Growing Again December 16, 2008

Playing with dirt

Almost eating dirt

This weekend I pulled out the dirt and the seeds and I started some lettuce, arugula, chard, spinach. It was very rewarding to have a tiny helper who was all too willing to get her hands dirty with the project. And it was wonderful to smell soil again.

It’s the heart of winter — cold blue outdoors until 7:30 am, on overcast days, and this town just shook off an ice storm that slicked every last twig and lasted for days.

But we might just (knocking on wood, not counting any chickens) have homegrown salad soon. I have had the urge for several weeks to grow greens right here at home — maybe on the balcony in some elaborate miniature hothouse contraption, maybe under the dreaded, sap- and soul-sucking fake lights…or maybe, as it turns out, on the living room windowsill. That might do just fine.

Midwinter lettuce sprouts

Sprinting to the head of the class is some red leaf lettuce, which sprouted in three days and earned a place on said windowsill. This is pretty exciting stuff. The arugula and chard are sending up spindly shoots, over on a top shelf of the media center.

This is all it takes. I am already imagining a pea plant on the windowsill, sending tendrils all the way up to the curtain rod. Freya and I will eat snap peas for breakfast. I will just keep trying until it works, until some vegetable grows green enough to eat. Dude. Nothing like optimism on a sub-freezing day.
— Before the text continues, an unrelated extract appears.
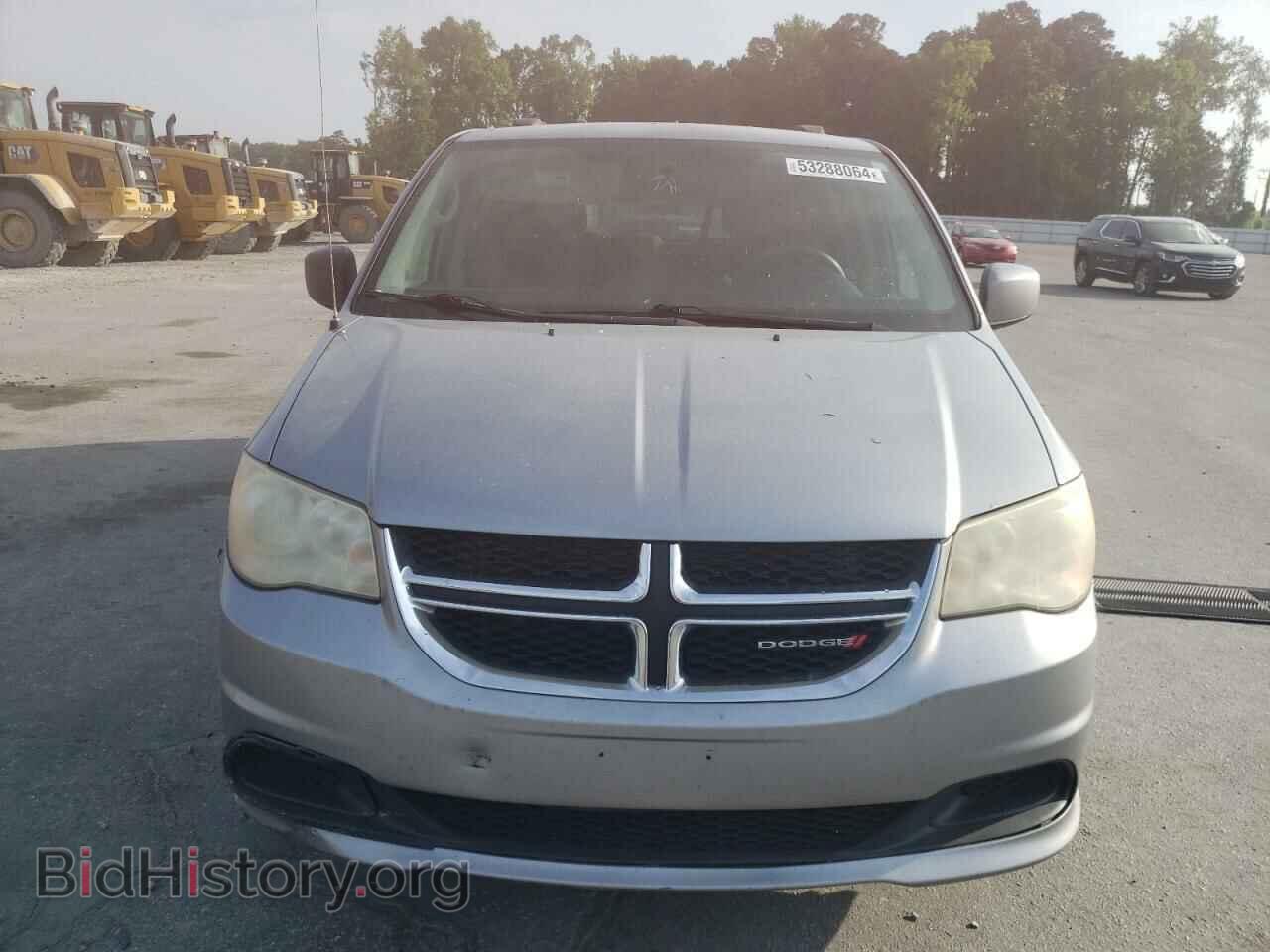 2013 DODGE CARAVAN - VIN: 2C4RDGCG2DR770628 - Фото 5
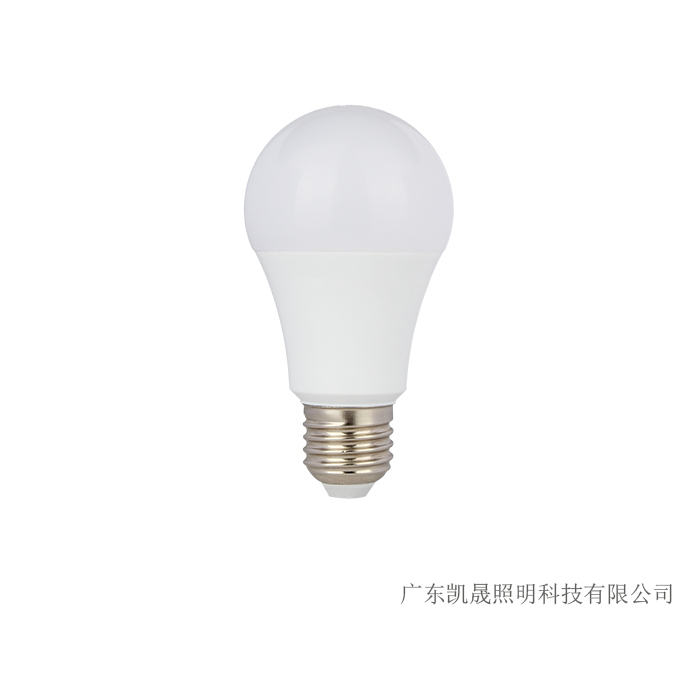 A60G2-A Large angle Smooth LED BULB COMPONENTS POWER:9W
Oh, Girl! November 18, 2008

What a couple of incommunicado months. Sheesh. Is this still a blog? Yeah, but it’s a blog about a dedicated spring gardener who became an extremely negligent fall gardener.

(Wow, I had to test-drive that new feature! Nice.)

Dudes, I don’t even want to rehash the sad story of “the harvest.” In my case, it played out like a horror flick. Or, you know, I remember first hearing about the hunger-relief program Second Harvest — now, I’m confident that they work wonders, but, in my world, their name has always sounded like a euphemism for regurgitation. That’s how it was in my garden this fall, yo; harvest became a euphemism for what I was doing: clawing through blighted and blackened tomatoes just so I could salvage some seeds; letting the countless tomatilloes soften on the vine after determining that I don’t really like their taste. Then there was the lone pumpkin that harvested itself / fell to the ground, from whence I tried to gather it and instead came away with the softened stem in my hand (I lugged it home, anyway, where it turned foul within three days). Oh, the saga.

Well, it can’t get much worse next year! Optimism levels on the rebound. Should be good-to-go by springtime. I am seriously reconsidering what I will grow, though. I’ll always enjoy fresh salad greens, and having so much zucchini will always be a wonderful reason to bake more chocolate zucchini cake (kudos, kudos, kudos). But, the tomatoes? Sheesh, guys, I really didn’t dig them that much. They are, in my book, the most beautiful seedlings, and we did get some delicious mouthsful of the Black Krim that honestly did taste like red wine. But, holy crap, the blight! The interminable wait for the first ripe one! And then the same wait for the next! And then I just got thoroughly depressed by the idea of schlepping over to the plot again just to pick maybe one ‘mato that would end up mouldering on the countertop, anyway (why? They kind of give me indigestion after noon)!

I miserably failed at Tomato Husbandry, yo, and Pumpkin Husbandry was like a “D-“.

The wondrous counterweight to all the rampant garden negligence is the unstoppable thriving of babygirl Freya. She now eats with two fists; and has a sort-of wrinkled-nose, “Hey, I’m on to you!” expression, along with countless others; and crawls with such amazing gusto that you can hear her coming from two rooms away. Her first words after “Mama” and “Dada” were “Hi” and “Wow.” How wonderful is that. When we get up in the morning, she waves to the world outside the window. The girl literally greets the day. How amazing is she?

Last night I was trying to chop up some herbs with a dull knife and she got so excited about the big bunch of cilantro. At the risk of projecting too much of my own enthusiasms onto her young self, I dare say the girl likes green things.